Geocoding as it pertains to this guideline is a process by which external data is used to construct a query by which an OpenStreetMap database is searched. The resulting response is a Geocoding Result. Geocoding Results are then stored either permanently or temporarily together with the external data used for querying. Geocoding Results can be latitude/longitude pairs, full or partial addresses and or point of interest names. A Geocoder is the program offering Geocoding functionality.

"Geocoding yields produced work" alternative

Geocoding Results are a Produced Work by the definition of the ODbL (section 1.):

“Produced Work” – a work (such as an image, audiovisual material, text, or sounds) resulting from using the whole or a Substantial part of the Contents (via a search or other query) from this Database, a Derivative Database, or this Database as part of a Collective Database.

This is further reiterated in section 4.5 b.:

Using this Database, a Derivative Database, or this Database as part of a Collective Database to create a Produced Work does not create a Derivative Database for purposes of Section 4.4;

As Geocoding Results are a Produced Work, they do not trigger the share-alike clauses of the ODbL. A database of Geocoding Results is a database of Produced Works and as such does not trigger the share-alike clauses of the ODbL either.

However, you must attribute OpenStreetMap properly as described in section 4.3:

Notice for using output (Contents). Creating and Using a Produced Work does not require the notice in Section 4.2. However, if you Publicly Use a Produced Work, You must include a notice associated with the Produced Work reasonably calculated to make any Person that uses, views, accesses, interacts with, or is otherwise exposed to the Produced Work aware that Content was obtained from the Database, Derivative Database, or the Database as part of a Collective Database, and that it is available under this License.

"Collective Database" alternative

A database of Geocoding Results is a derivative database by the definition of the ODbL (section 1.):

“Derivative Database” – Means a database based upon the Database, and includes any translation, adaptation, arrangement, modification, or any other alteration of the Database or of a Substantial part of the Contents. This includes, but is not limited to, Extracting or Re-utilising the whole or a Substantial part of the Contents in a new Database.

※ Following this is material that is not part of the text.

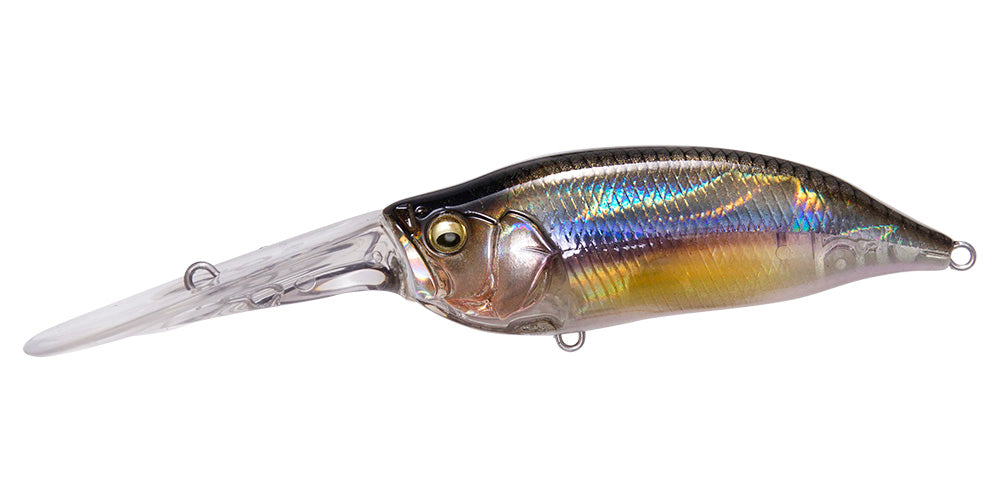 IxI SHAD TX - Megabass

A database of Geocoding Results must therefore, where it is publicly used, be shared under the ODbL, and attribution must be given.

The derivative database consists of the data that has been used as the input data for the geocoding process, as well as the data that has been gained from OpenStreetMap in the process. Any additional data that may be linked to this data, even sitting in the same logical database table, is however not considered to be part of the derivative database (instead it forms a collective database together with the derivative database) and therefore, does not have to be shared under the ODbL.

Examples

(1) Adding coordinates to store locations

Consider a chain retailer's database of store locations with store names and addresses (street, house number, ZIP, state/province, country). The addresses are used to search corresponding latitude / longitude coordinates in OpenStreetMap. The coordinates are stored next to the store locations in the store database (forward Geocoding). OpenStreetMap.org's Nominatim based Geocoder is used. The store locations are being exposed to the public on a store locator map using Bing maps.

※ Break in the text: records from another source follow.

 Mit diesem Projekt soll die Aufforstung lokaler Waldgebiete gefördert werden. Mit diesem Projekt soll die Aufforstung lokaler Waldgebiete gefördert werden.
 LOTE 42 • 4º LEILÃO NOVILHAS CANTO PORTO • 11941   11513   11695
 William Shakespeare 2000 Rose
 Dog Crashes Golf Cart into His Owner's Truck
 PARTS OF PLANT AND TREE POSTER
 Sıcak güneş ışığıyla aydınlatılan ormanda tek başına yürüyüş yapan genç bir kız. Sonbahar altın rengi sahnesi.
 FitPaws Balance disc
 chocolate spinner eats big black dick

"Geocoding yields produced work" alternative

The geocoded store locations database remains fully proprietary to the chain retailer. The map carries a notice "(c) OpenStreetMap contributors" linking to http://www.openstreetmap.org/copyright.

This use case complies with the OpenStreetMap license. It would not if it did not credit OpenStreetMap based on section 4.3 of the ODbL.


"Collective Database" alternative

The addresses used as input to Nominatim, as well as the geocoded store locations so computed, together form a derivative database and must be shared under ODbL on request. Further information about the stores that has not been retrieved from OSM, for example, opening times or user comments, do not have to be shared as they form a collective database with the ODbL-licensed addresses.

Would the display map be the only use case? Is this even relevant for this resulting database being a Derived Database and the Share-Alike implications? See the paragraph on the disctinction between a geocoding result and a collection, below. Martijn van Exel (talk) 14:22, 15 July 2014 (UTC)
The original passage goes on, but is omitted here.